Page 72 of Iberia


  Joseph Ayok

  I suppose that most visitors to Barcelona sooner or later make the trip to Montserrat (Serrated Mountain) but, paradoxically, few ever see it. They see the famous monastery, of course, and the shrine beloved of all Catalans, and they take one of the numerous téléphénque rides to the tops of peaks, but the mountain itself, one of the most exquisite in the world, they do not see, for this can be done properly only by going far north of Barcelona to the ancient town of Vich, which is worth a trip in itself if only to see the church decorated in gold murals by José María Sert. From Vich, whose hotel has a restaurant of notable reputation, one drops back south to where Route N-141 cuts off toward the mountains, and as one drives down this twisting road he comes to a spot from which Montserrat in all its wonder stands forth against the southern sky.

  The mountain is prodigious, a chain of sawtooth peaks that resemble the Tetons of Wyoming except that the former are not so tall, only 4072 feet against the Grand Teton’s 13,747 (of course, Montserrat starts from sea level whereas the base of the Tetons is well above it). The peaks of Montserrat are more compact, and if one can use the word in this sense, more artistic. They blaze in the sky like tongues of flame, not one or two peaks but scores of them thrown together to make a jagged pattern. When I saw Montserrat from this ideal vantage point I’d already seen most of the world’s famous mountains, but for an assembly of peaks of limited scope I had seen nothing to surpass this group.

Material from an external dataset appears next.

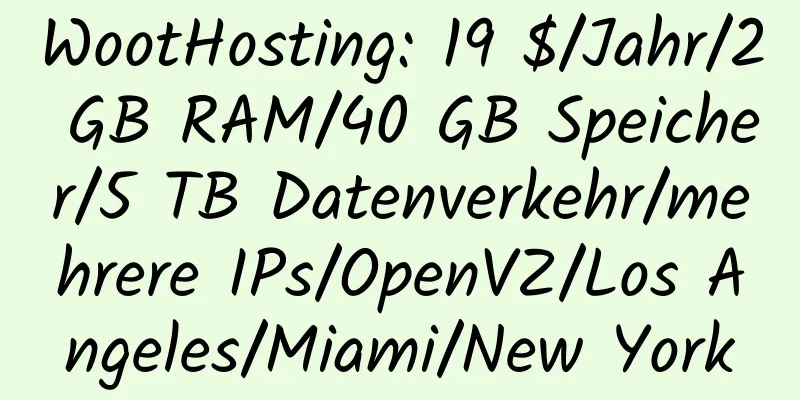 WootHosting: 19 $/Jahr/2 GB RAM/40 GB Speicher/5 TB Datenverkehr/mehrere IPs/OpenVZ/Los Angeles/Miami/New York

  The ascent from the north is also more exciting, I think, than the traditional approach from the south, which is how one climbs if he starts from Barcelona, but by either path the narrow road is magnificent and the final turn which throws one onto a small plateau just under the summit of the mountain is surprising, for unexpectedly one finds himself face to face with a series of massive buildings wedged into crevices below the rocky spires that rise above them like a crown. I had expected to end my climb at a shrine; instead I found enough recent buildings to house a small town and was amazed to think that all these rocks and timbers and steel girders had been lugged up this steep mountain.

  Obviously, centuries had been required to build this complex. As long ago as the year 700, religious hermits had established themselves in these caves and had launched the legend of pure men hiding in inaccessible mountains. Their isolation ended after the year 880, when shepherds found in one of the caves a beautiful wooden statue of the Virgin, dark of face and majestic in manner; she had been hidden there when Muslims overran Cataluña. A Church commission affirmed that she was the last statue carved by St. Luke. She made the mountain famous; Goethe and Schiller visited the monastery that developed in her honor, as did innumerable kings and cardinals. Throughout Europe, Montserrat became identified with the legendary Monsalvat, the hiding place of the Holy Grail as depicted in Wagner’s Parsifal, so that pilgrims had a double reason for climbing the mountain; even today the path is crammed with devout travelers who know that if they can complete this journey, some special blessing will be accorded them.

  Nature forms in La Sagrada Familia.

  Even if one were not religious, an expedition to Montserrat would be a rewarding experience, for when the buildings are reached the day has only begun; from them téléphériques swing upward to the tips of the highest peaks, from which amazing views of Cataluña can be seen, even as far as Las Islas Baleares (the Balearic Islands). There are also picnic grounds tucked away at high altitudes and trails across the plateaus to needles which can be climbed if one has ropes and crampons.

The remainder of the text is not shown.